- [What is being asked]: Quote the records exactly, starting at the first line and stopping after the line with "ElenaTompson"; skip the pictures.

Start of Block

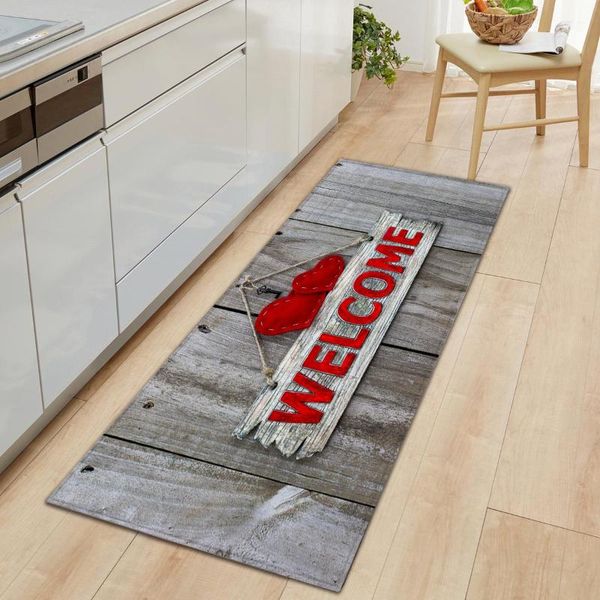 carpets wood grain entrance door mat rugs non-slip kitchen floor mats flannel rug hallway carpet home decor for bedroom
carpets wood grain entrance door mat rugs non-slip kitchen floor mats flannel rug hallway carpet home decor for bedroom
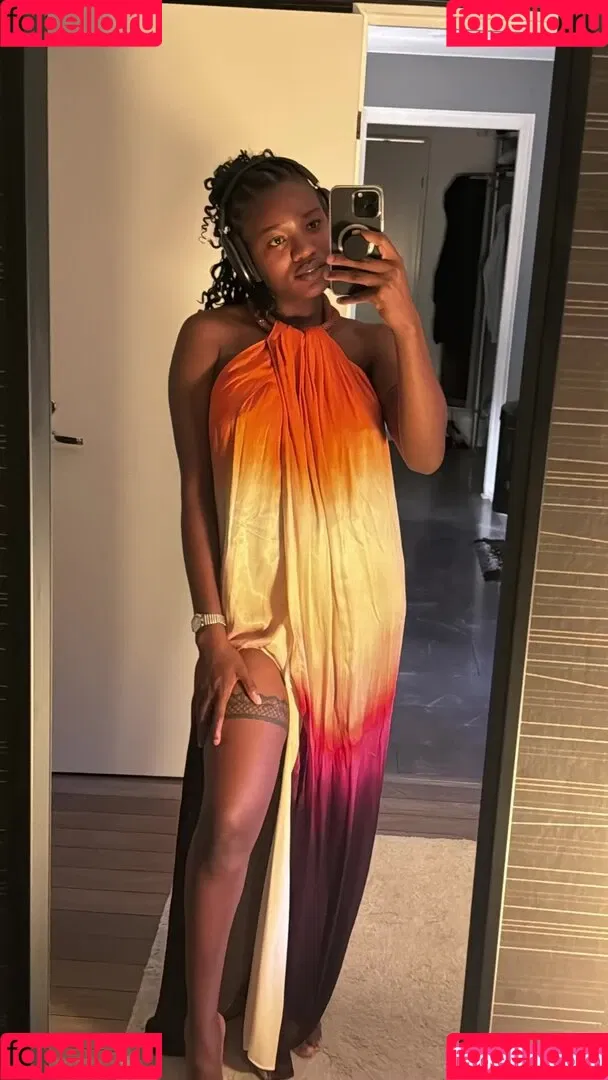 a.desuwa__ Onlyfans Photo Gallery 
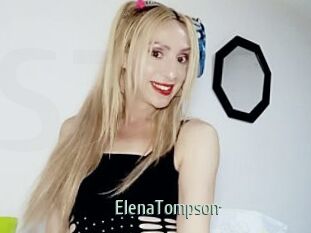 ElenaTompson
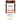 PHYTOCOLOR #5.35-castaño claro chocolate 4 u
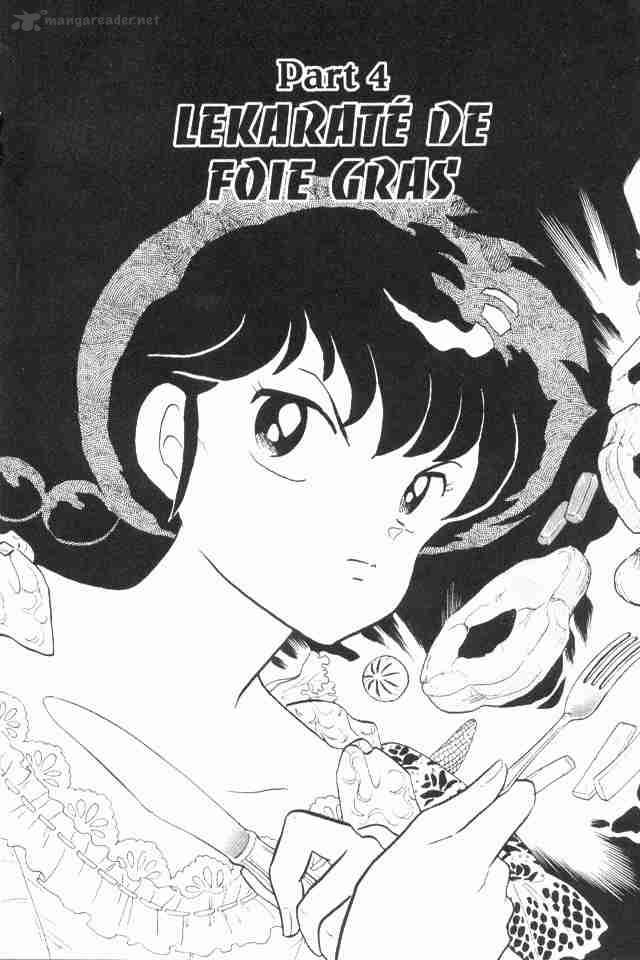 Ranma 1 2 Chapter 16 Page 167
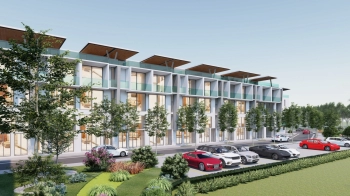 BÁN ĐẤT NỀN PHÂN LÔ  #TP YÊN BÁI , TỈNH YÊN BÁI 
DỰ ÁN YÊN BÁI CENTER CITY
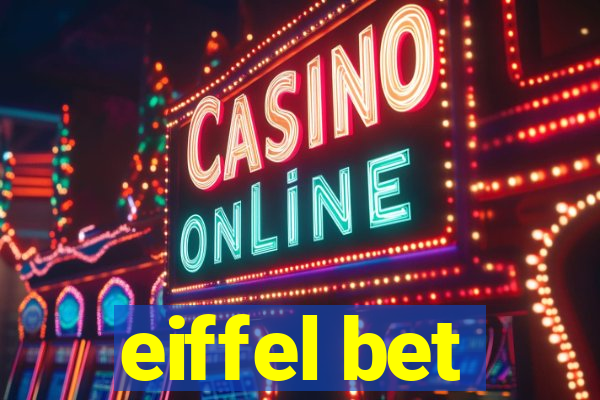 eiffel bet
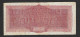 Italia - Banconota Circolata Da 100 Lire "Italia Turrita" P-75a - 1944 #17 - 100 Liras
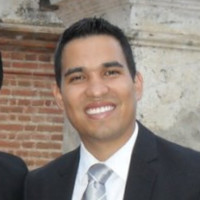 Anibal Tamacas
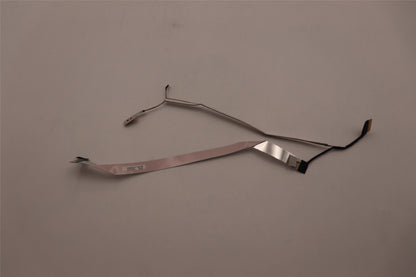 Lenovo FRU CABLE,RGB CAM CS Fenrir 5C11C12630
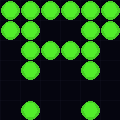 102.78.80.230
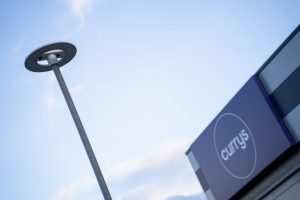 Abacus_CurrysMansfield_9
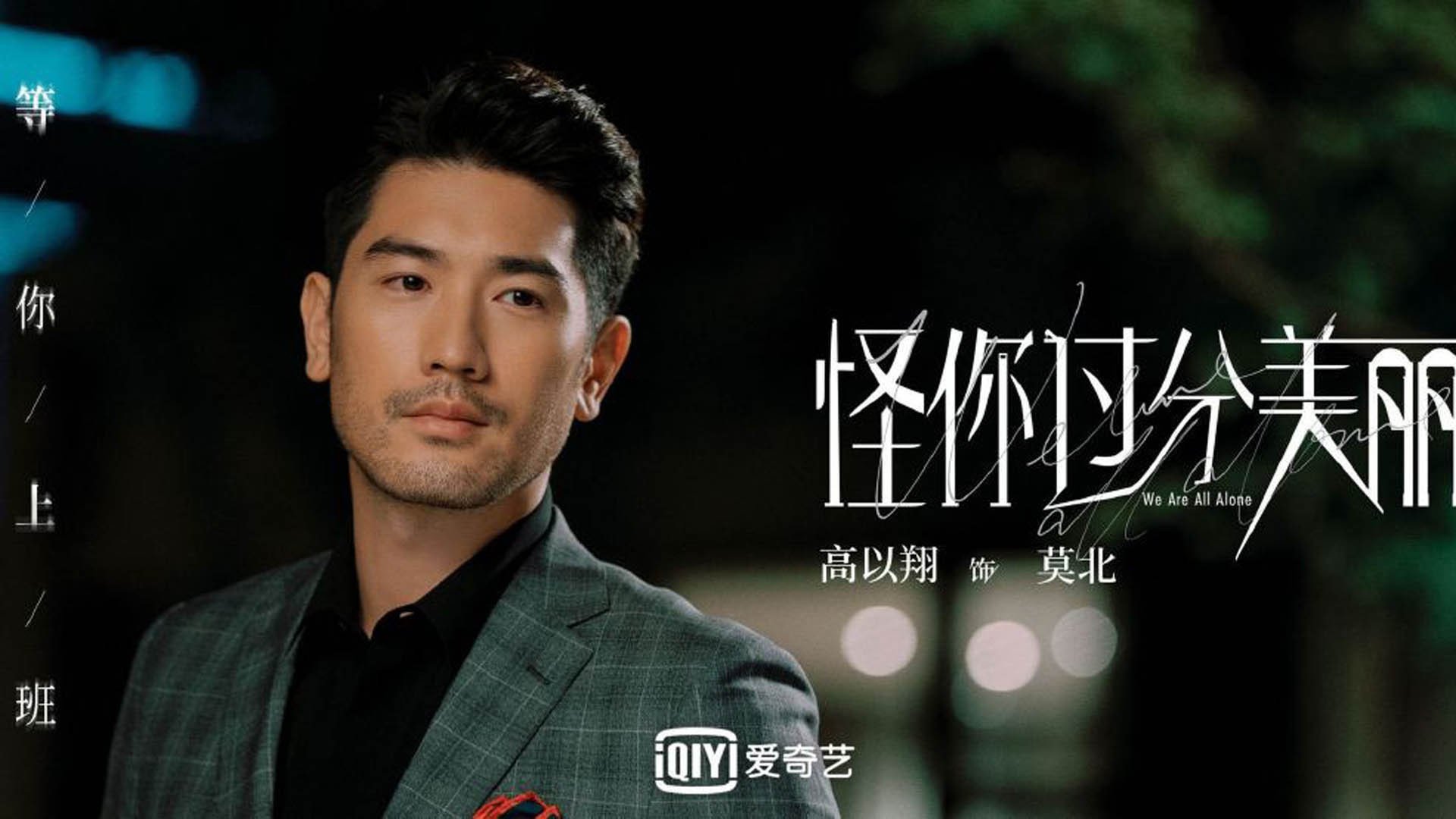 中国女排老将回归激发全队斗志和信心,中国女排的老将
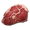 Raw Meat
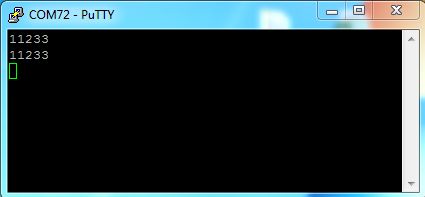 Uart Baud Rates Luxonis Forum - Best Dark Designs in High Resolution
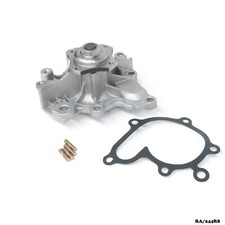 Pompe à eau Mazda MX6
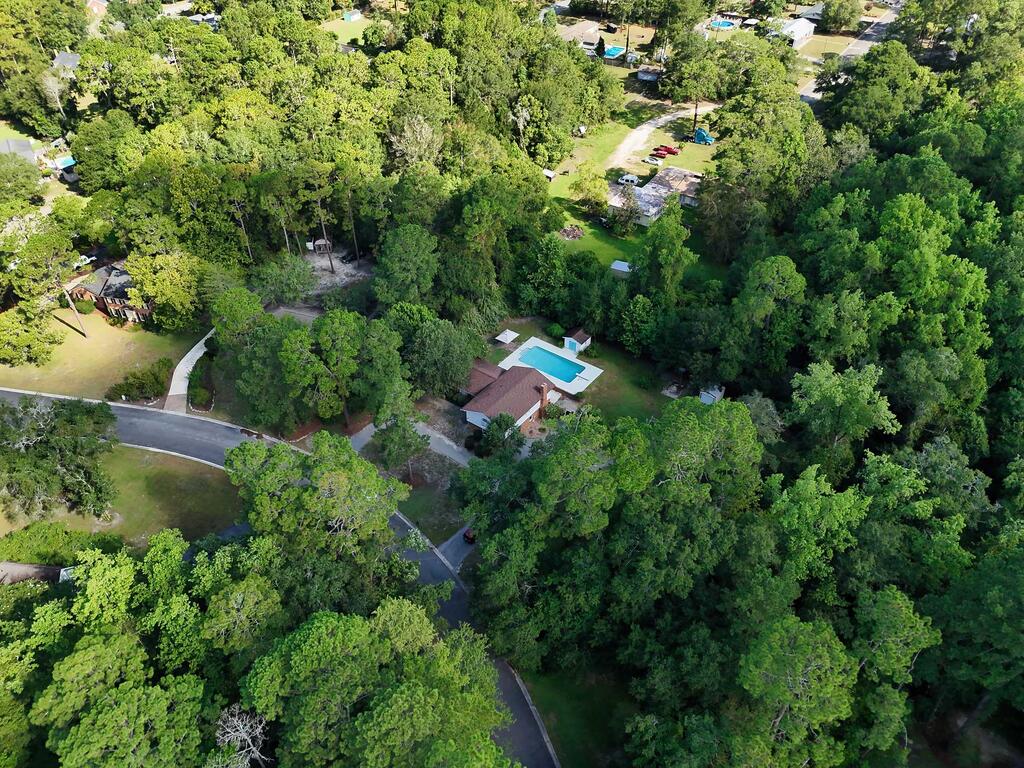 3 Woodridge Road Southwest Moultrie, GA 31768 - Photo 48 of 50 Gallery Image 48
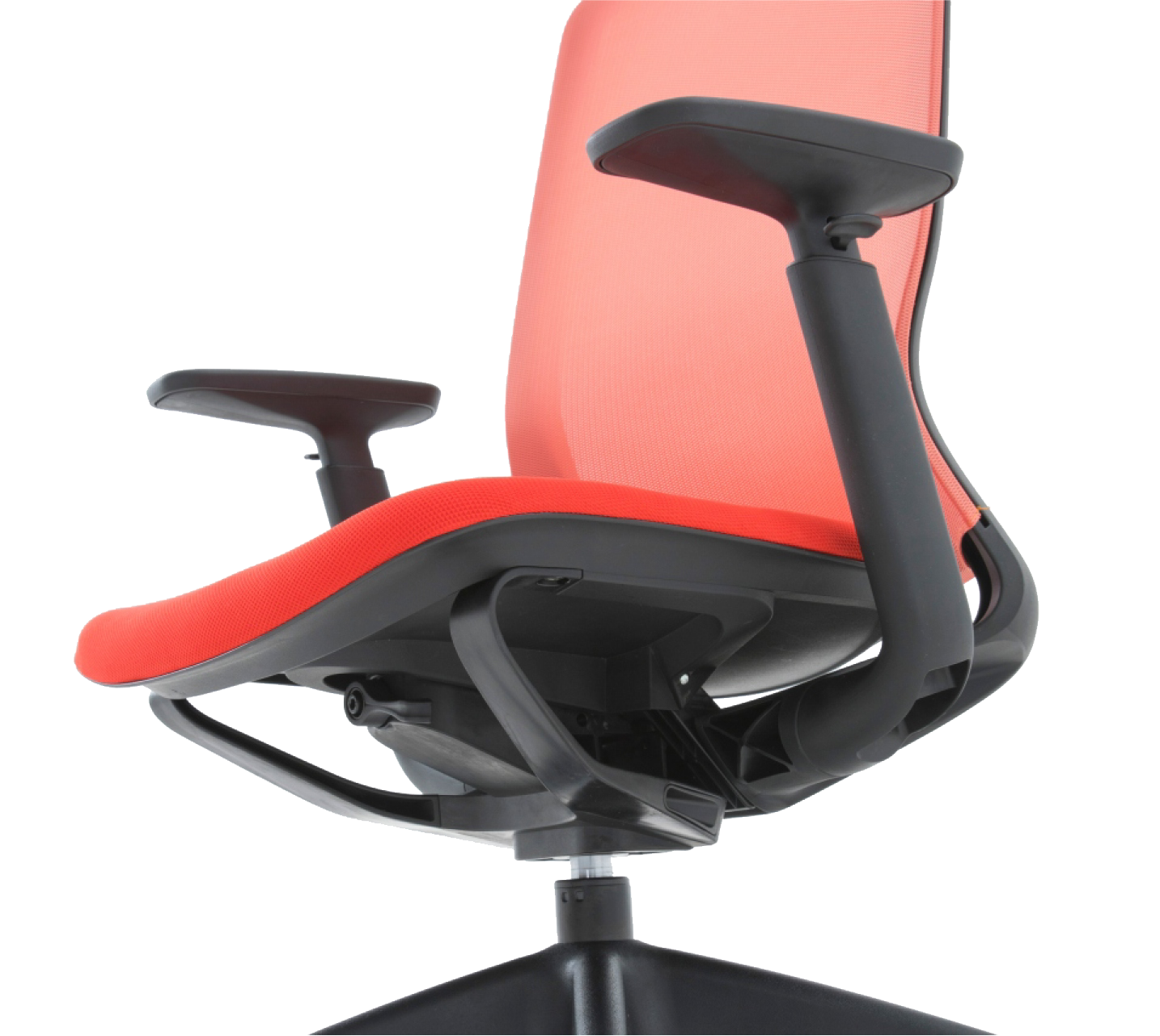 诺誉图册-纸印刷版本-02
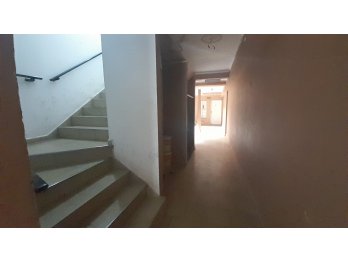 EN VENTA - DEPARTAMENTO CALLE ANDRÉS PÁZOS N° 852,  PARANÁ.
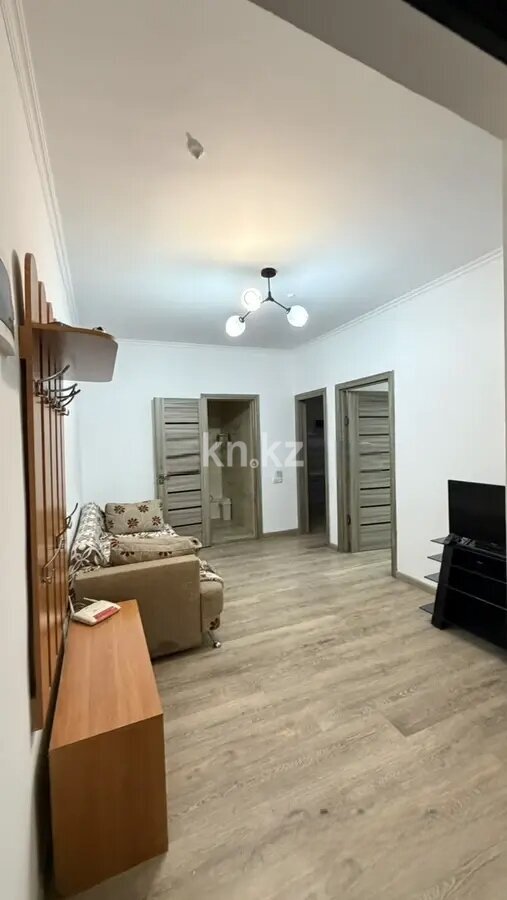 Продажа 2-комнатной квартиры, 71 м² в Алматы - фото 8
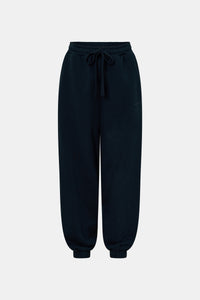 Tia Logo Track Pant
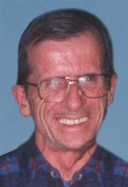 Savoie, Albert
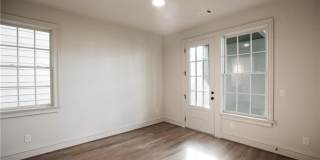 96 Sheridan Drive Gallery 34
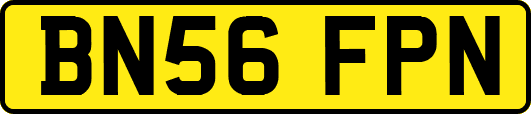 BN56FPN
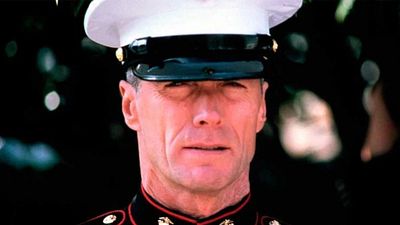 Imagem da notícia "É um dos poucos arrependimentos que tenho": Bill Murray recusou fazer um filme de Clint Eastwood por medo de ser rotulado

End of Block

- [Exercise result]:
 carpets wood grain entrance door mat rugs non-slip kitchen floor mats flannel rug hallway carpet home decor for bedroom
carpets wood grain entrance door mat rugs non-slip kitchen floor mats flannel rug hallway carpet home decor for bedroom
 a.desuwa__ Onlyfans Photo Gallery 
 ElenaTompson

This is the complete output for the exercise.